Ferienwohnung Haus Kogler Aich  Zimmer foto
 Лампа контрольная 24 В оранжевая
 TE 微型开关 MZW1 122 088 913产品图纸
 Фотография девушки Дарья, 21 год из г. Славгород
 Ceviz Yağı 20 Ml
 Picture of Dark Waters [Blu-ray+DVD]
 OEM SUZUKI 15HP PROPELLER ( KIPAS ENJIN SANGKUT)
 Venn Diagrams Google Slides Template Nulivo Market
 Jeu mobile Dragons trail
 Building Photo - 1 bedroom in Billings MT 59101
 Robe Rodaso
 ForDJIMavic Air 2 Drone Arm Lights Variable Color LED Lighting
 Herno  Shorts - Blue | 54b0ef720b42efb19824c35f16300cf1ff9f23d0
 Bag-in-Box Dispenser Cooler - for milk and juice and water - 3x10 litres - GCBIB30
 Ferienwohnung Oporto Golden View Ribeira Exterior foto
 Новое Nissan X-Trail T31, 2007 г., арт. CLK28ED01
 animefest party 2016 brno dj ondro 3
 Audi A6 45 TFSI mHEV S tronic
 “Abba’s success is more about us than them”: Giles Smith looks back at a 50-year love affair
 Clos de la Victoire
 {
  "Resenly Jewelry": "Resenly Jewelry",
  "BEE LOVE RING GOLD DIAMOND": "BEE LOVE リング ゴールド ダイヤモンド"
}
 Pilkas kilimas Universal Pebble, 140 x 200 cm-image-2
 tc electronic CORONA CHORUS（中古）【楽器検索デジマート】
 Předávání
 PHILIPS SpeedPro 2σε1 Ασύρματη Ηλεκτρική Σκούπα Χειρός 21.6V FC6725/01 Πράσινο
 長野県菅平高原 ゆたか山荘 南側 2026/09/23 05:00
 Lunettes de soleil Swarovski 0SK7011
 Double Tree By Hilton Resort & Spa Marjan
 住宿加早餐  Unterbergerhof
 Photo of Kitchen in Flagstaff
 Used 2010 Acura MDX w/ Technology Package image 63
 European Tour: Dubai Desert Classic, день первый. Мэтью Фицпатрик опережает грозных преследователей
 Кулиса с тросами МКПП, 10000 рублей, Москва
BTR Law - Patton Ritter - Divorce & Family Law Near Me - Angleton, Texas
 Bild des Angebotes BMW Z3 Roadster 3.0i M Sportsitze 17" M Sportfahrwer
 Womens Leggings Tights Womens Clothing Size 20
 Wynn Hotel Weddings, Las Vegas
+-------+
◆ PROBLEM ◆
Which of the lines in the listing above include "image"? Report each of them.

◆ RESPONSE AREA ◆
 Pilkas kilimas Universal Pebble, 140 x 200 cm-image-2
 Used 2010 Acura MDX w/ Technology Package image 63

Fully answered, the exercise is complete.